Would you return the lines between the one holding "Steinadler (Aquila chrysaetos)" and the one holding "Can Dogs Smell Human Pheromones", inclusive, and only those, exactly as they stand in the listing below?

* DATA FOR PROCESSING *
· · ·

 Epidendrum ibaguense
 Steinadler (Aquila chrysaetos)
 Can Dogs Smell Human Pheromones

· · ·

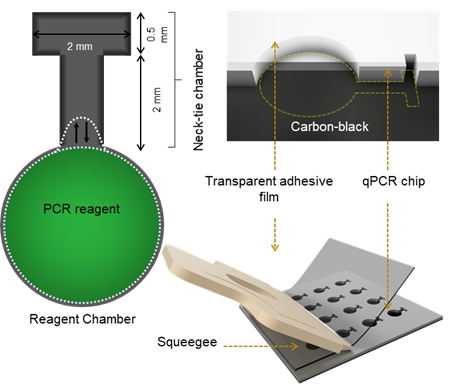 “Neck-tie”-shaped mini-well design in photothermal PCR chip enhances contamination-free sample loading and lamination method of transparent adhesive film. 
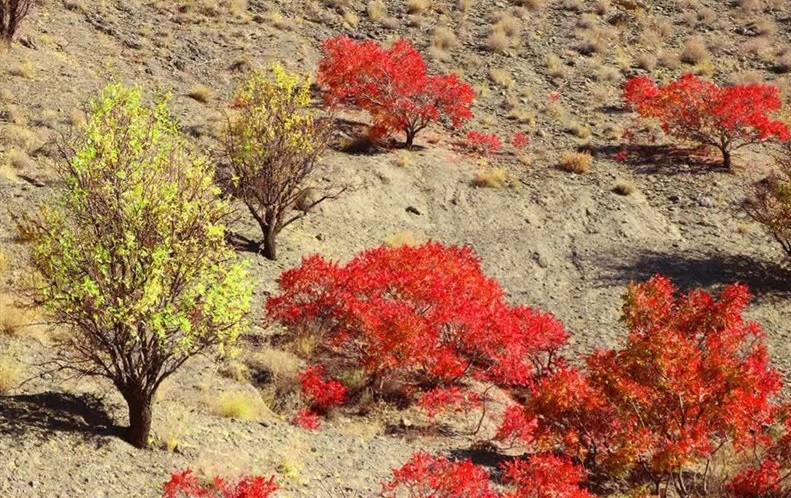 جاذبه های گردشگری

· · ·

* RESPONSE BOX *
 Steinadler (Aquila chrysaetos)
 Can Dogs Smell Human Pheromones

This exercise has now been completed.